# Hardwood lumber suppliers in North central Florida (near Gainesville)?



## Tomw

Title sez it all: anybody know any? Looking for small project quantities, not truckloads.

Thanx in advance


----------



## wrenchhead

The only places I know of are woodcraft in maitland and right down the street there is a place called Amazon Hardwoods. Amazon has some real exotic stuff.


----------



## PawPawTex

You can use Wood Finder to locate hardwood lumber suppliers in your area.

http://www.woodfinder.com


----------



## 8iowa

I spend the Winter in Gainesville. The Woodcraft store in Jacksonville usually has a wide selection of wood, but this is not exactly close at hand - kinda pricey too.

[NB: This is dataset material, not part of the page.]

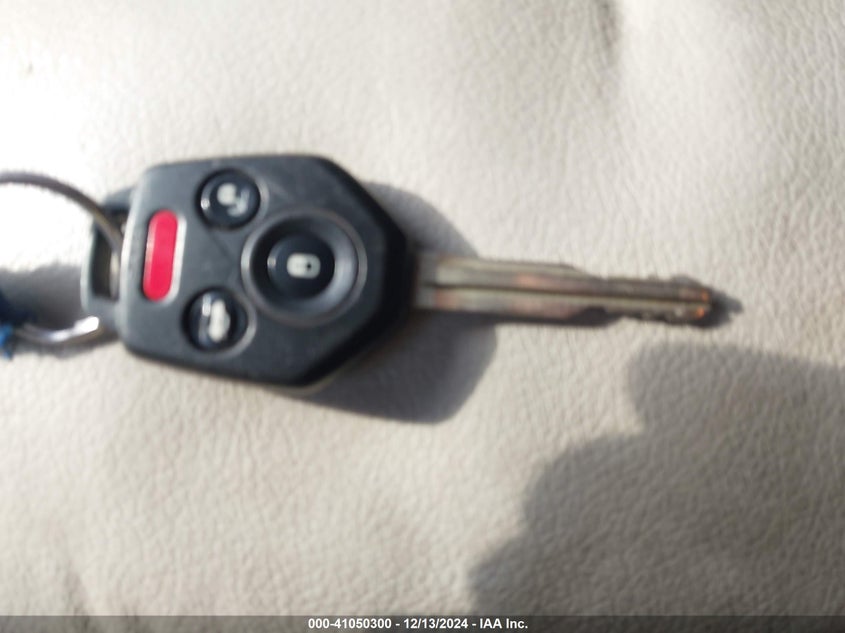 2013 SUBARU XV CROSSTREK 2.0I PREMIUM - JF2GPAVC4D2868761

I usually bring wood down from the Upper Peninsula in the Fall, or stop at the Frank Miller Lumber Co. in Union City IN on my way South.


----------



## Sawmillnc

I ship wood and sell to people in FLA quit often. Shipping is pretty reasonable. I had a fellow drive from Ocala to pick up 600 bf of 4/4 Ash last Saturday for 1.70/bf which saved him a 1.30 from the 3.00/bf price the lumber dealer in Orlando's normal price.

Watcha need?


----------



## Gary

I'm not far from Gainesville. What'cha looking for? I might have some or may be able to put you in touch with someone who might.


----------



## Milo

There's a place in Blountstown that has a few exotics. Not LOT, but some. I think I remember they had Zebrawood, Purple hart, and others. Sorry I don't remember the name. They DID deliver to Tallahassee, so may the deliver to Gainesville. I also think there is a mill in Perry that cut cypress and some other local woods.

Good luck!


----------



## cwdance1

Look on craigslist in the materials list as I have seen a mill or two listed.


----------



## briankb

Any updates on finding hardwood dealers in North Central Florida? I'm in Lake City which is 60m west of Jacksonville and 40m North of Gainesville.


----------



## Bonka

Hood Distribution
3160 W. 45th St
Jacksonville, Fl 32209
904-783-1577
800-346-0952 
I have purchased 4/4, 8/4 Cherry & Poplar. They have a huge warehouse. The only figured wood they have, that I know of, is curly maple.
I have purchased from one board on up. All that I have gotten from them has been good, dry and ready to use.


----------



## Eddie_T

To far away but an interesting store in Temple Terrace http://craftsmensupply.com/


----------



## briankb

Thanks, keep'em coming! At least if we can find a good selection of dealers in or near our area, the shipping will be reduced. I emailed Hood Distribution to ask if they make regular deliveries in Lake City or if they will deliver at all. I'm hoping their could be a good deal of savings if you order enough vs buying from local stores who sell mostly to contractors for construction work. Sometimes I can find a decent piece of plywood but the choices are very limited and the choices for hardwood is even more limited.


----------



## briankb

regarding Hood Distribution, they deliver to Lake City, Florida Wednesdays and Fridays and have a $300 min order for delivery. If you want to pick up there is no minimum order and customer pick ups are between 9am and 3pm.


----------



## rthack

I am looking for oak logs that need to be cut to size and delivered to Defuniak Springs Fl. Can anyone help me? Need logs for my cabin! [email protected]

Randy


----------



## rthack

I am looking for oak logs that need to be cut to size and delivered to Defuniak Springs Fl. Can anyone hellp me? Need logs for my cabin! [email protected]

Randy


----------



## BDY

briankb,

I'm in Orlando and we have a local Hood Distribution center here. I read in another thread though that you had to have a business license to buy from them. Do you have one or did you work around that somehow? I can't find a good source of hardwood to save my life here in the Orlando area (without traveling to Tampa area that is).

Thanks


----------